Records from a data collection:
++++

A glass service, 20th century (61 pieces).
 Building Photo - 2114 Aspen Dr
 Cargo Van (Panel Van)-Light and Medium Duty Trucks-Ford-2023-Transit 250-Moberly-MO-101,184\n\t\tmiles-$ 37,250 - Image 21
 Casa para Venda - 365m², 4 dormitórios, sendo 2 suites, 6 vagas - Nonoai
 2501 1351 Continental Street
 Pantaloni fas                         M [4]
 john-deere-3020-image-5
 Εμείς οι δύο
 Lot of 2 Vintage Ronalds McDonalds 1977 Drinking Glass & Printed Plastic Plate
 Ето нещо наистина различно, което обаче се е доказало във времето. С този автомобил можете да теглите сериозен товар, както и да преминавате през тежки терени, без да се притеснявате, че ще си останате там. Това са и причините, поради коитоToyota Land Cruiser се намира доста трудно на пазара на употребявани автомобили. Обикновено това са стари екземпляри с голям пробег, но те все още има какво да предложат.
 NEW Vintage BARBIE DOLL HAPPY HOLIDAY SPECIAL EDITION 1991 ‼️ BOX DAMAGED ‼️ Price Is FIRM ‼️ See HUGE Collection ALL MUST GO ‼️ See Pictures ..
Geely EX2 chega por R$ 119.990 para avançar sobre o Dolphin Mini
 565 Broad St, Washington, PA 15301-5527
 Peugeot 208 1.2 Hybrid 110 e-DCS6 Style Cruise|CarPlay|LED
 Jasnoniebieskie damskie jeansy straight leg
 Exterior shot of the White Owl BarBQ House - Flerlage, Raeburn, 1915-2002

++++

• _What you should do_: Extract every line above containing the word "para".

• _Problem solution_:
 Casa para Venda - 365m², 4 dormitórios, sendo 2 suites, 6 vagas - Nonoai
Geely EX2 chega por R$ 119.990 para avançar sobre o Dolphin Mini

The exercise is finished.